▸ **Materials provided**

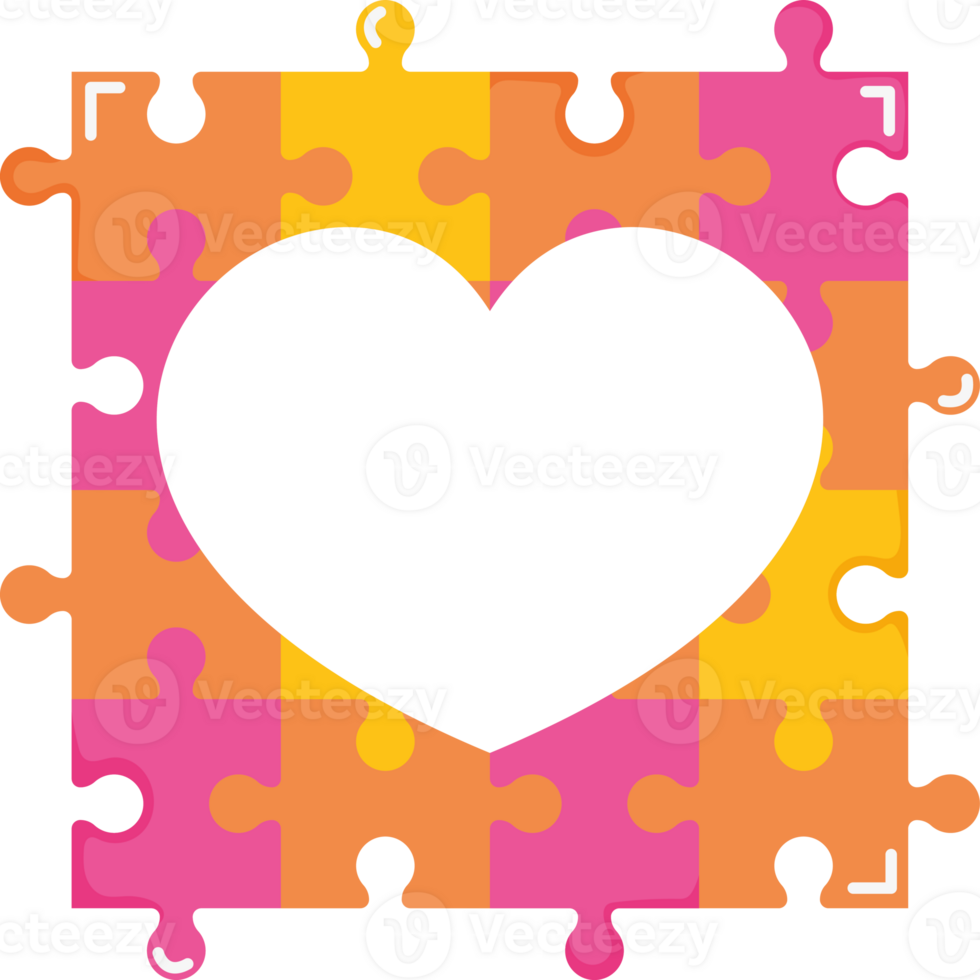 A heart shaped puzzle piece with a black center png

---

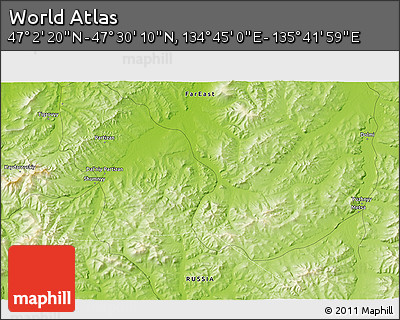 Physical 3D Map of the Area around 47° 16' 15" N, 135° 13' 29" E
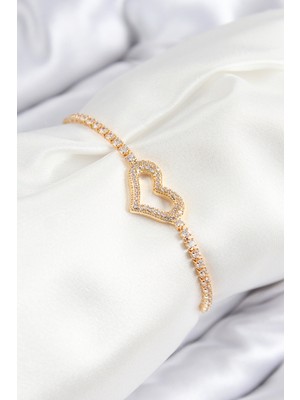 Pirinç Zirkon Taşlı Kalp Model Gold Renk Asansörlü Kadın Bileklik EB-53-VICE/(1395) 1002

▸ **What the exercise asks**
Above are the records; copy from them only the lines starting at the one containing "Physical 3D Map" and ending at the one containing "Pirinç Zirkon Taşlı", exactly and without pictures.

▸ **Answer box**
 Physical 3D Map of the Area around 47° 16' 15" N, 135° 13' 29" E
 Pirinç Zirkon Taşlı Kalp Model Gold Renk Asansörlü Kadın Bileklik EB-53-VICE/(1395) 1002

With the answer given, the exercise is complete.